■ **INFORMATION SUPPLIED**:
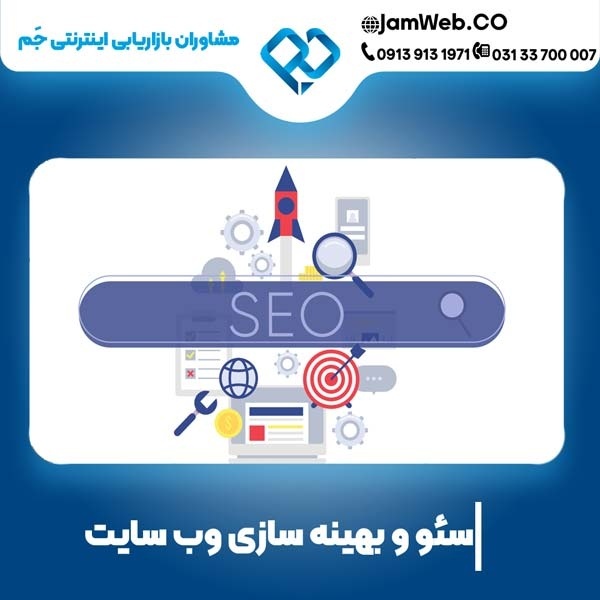 سئو سایت دکوراسیون داخلی و بهینه سازی وبسایت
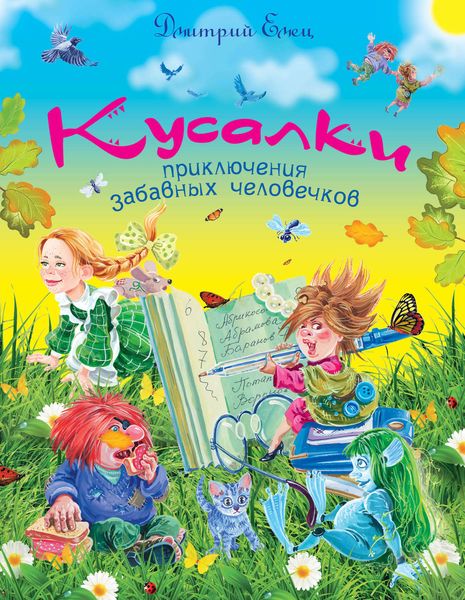 Обложка книги  «Кусалки»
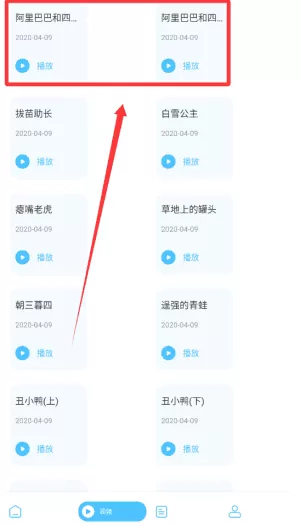 儿童课堂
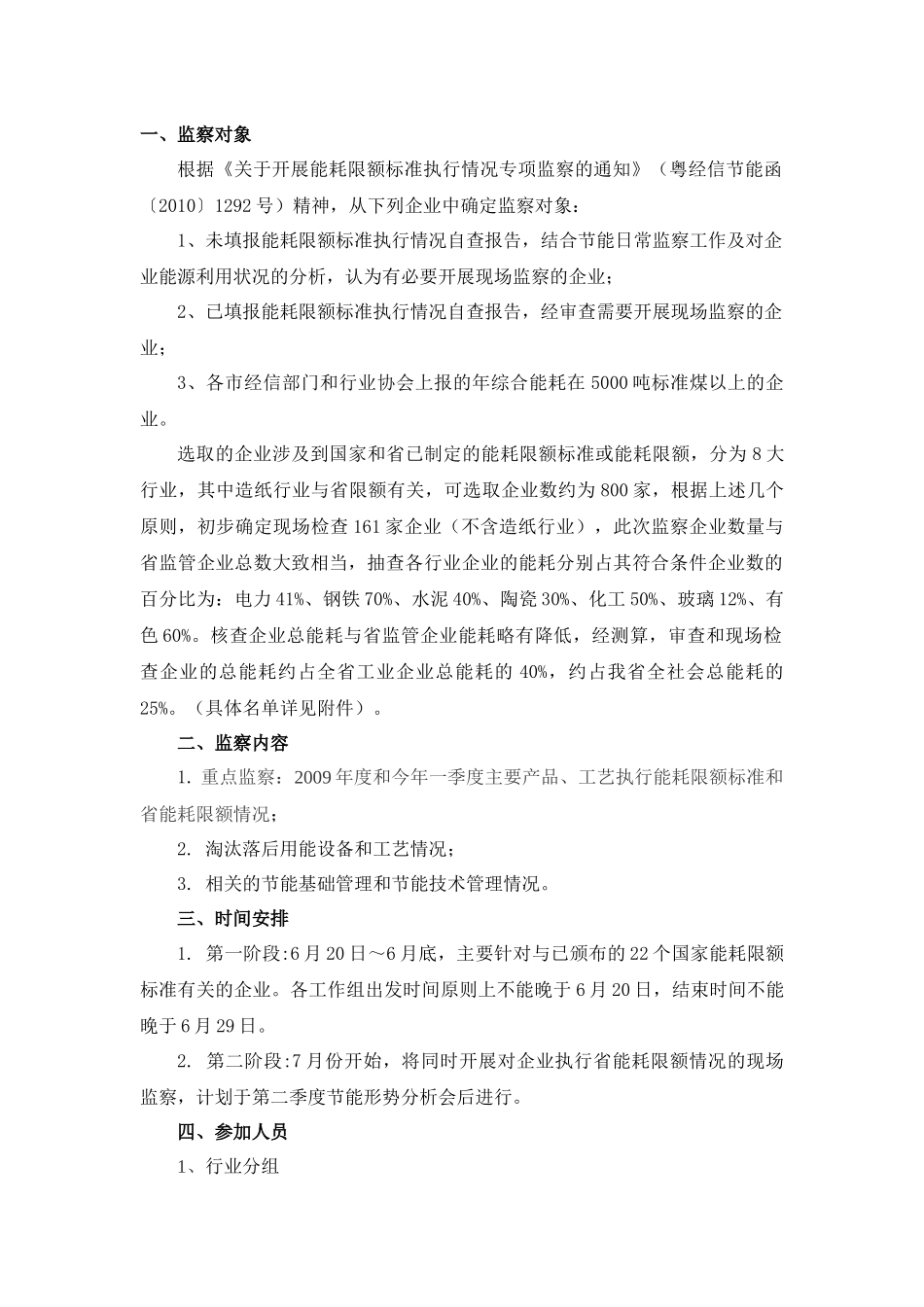 广东省能耗限额标准专项监察工作分析_第3页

■ **TASK GOAL**:
An unaltered copy of the material, without images, should be set down.

■ **RESPONSE BOX**:
 سئو سایت دکوراسیون داخلی و بهینه سازی وبسایت
 Обложка книги  «Кусалки»
 儿童课堂
 广东省能耗限额标准专项监察工作分析_第3页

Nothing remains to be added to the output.